COREY ARNOLD grew up surrounded by animals. "At one point, when I was about 11, we had two dogs, eight rabbits, a hamster, a snake, and like four cats," he says.
"My cats took turns sleeping on my face at night while I dreamt of swimming with pet dolphins and hunting exotic fish in distant seas," reads the artist statement for his show Wildlife, on display through November 29 at Charles A. Hartman Fine Art.
Arnold's previous shows have focused on the world of commercial fishing: When not in Portland, Arnold spends part of the year working as a commercial fisherman in Alaska, and was even among the crews featured on the Discovery Channel's Deadliest Catch. However, his current exhibition has a broader scope, continuing his lifelong fascination with the human-animal connection.
The photos, most shot this year and last year, stand alone in craft as masterful studies in color and light. The photograph "Adak Foam" has the drama, depth, and glow of a Venetian oil painting. The images are large: about four by three feet. They're classic documentary photographs—Arnold's done editorial assignments for the likes of Sunset and National Geographic—but with humor and an edge. In most of them, Arnold's focus is at dead center, which has an unnerving and confrontational effect.

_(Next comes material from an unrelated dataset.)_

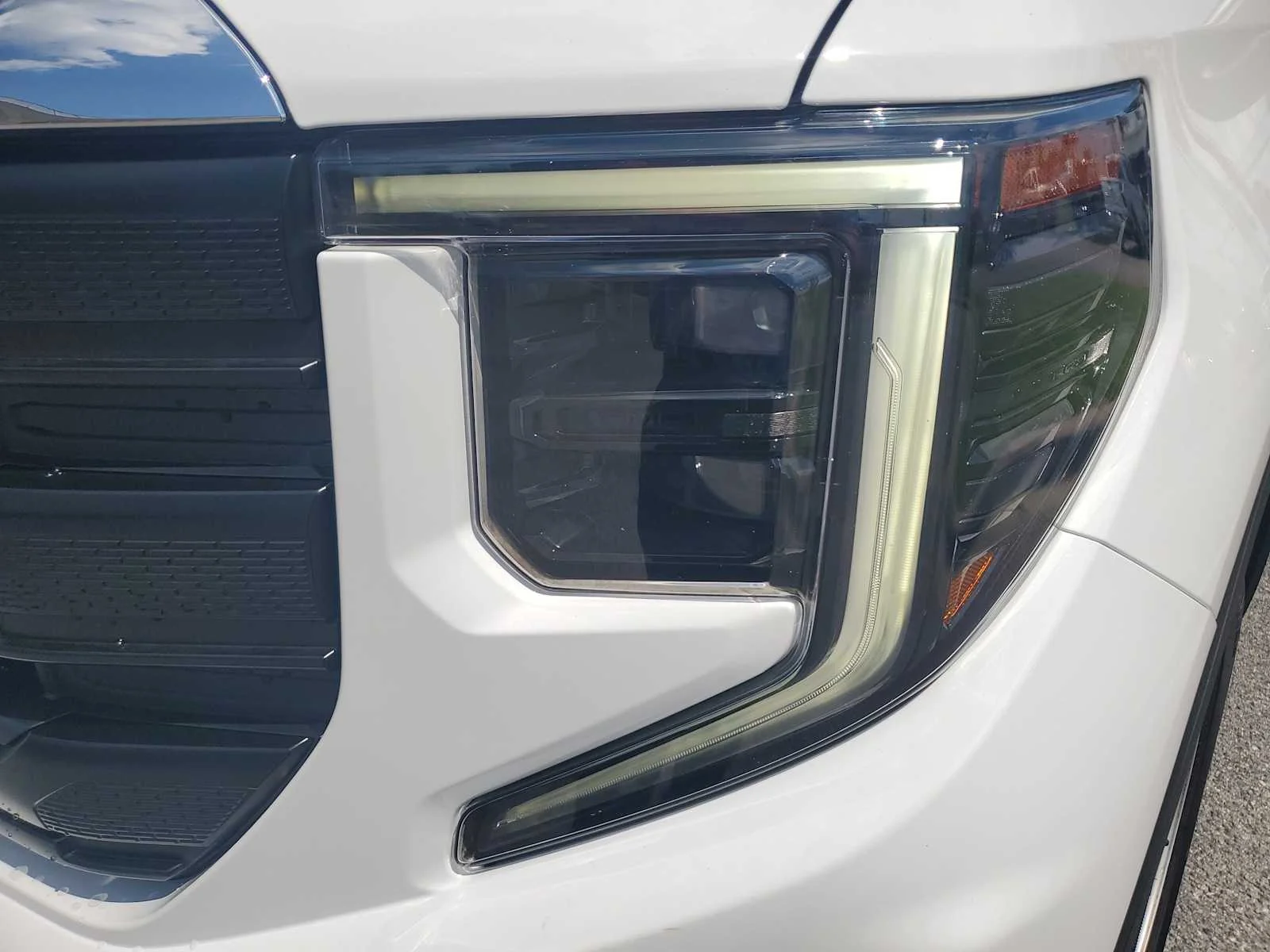 Used 2022 Summit White GMC Pro image 16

In a conversation over breakfast, Arnold explained some of the stories behind the images in Wildlife. "Fight or Flight" features a mangy bald eagle, captured in the middle of blinking, its mouth gaping mid-scream. The photo was taken in Dutch Harbor, Alaska, says Arnold, and the shot required him to lie on his belly just a few feet from the subject, his hood covering his head to protect him from swarming eagles. "I'm fascinated by the fact that [the bald eagle is] America's national symbol, and it's living off of humans' garbage," Arnold said. "Their heads are always dirty because they're always digging in the garbage and there are always oily rags. It's a fishing industry town, so there's oil everywhere."
Of another photo "Bird Watching," he says: "I was doing a shoot for Outside magazine, a story about Bikini Atoll in Micronesia. [The bird] was protecting its nest. I was hiding under a tree because it was swooping on me so hard. It was trying to peck my eyes out. Hovering there, staring at me—this angelic thing that was trying to kill me."
Stories aside, Wildlife is a show that lets you draw your own conclusions. With open-ended titles and stunning photos, it inspires more questions than answers about our relationship to the creatures around us.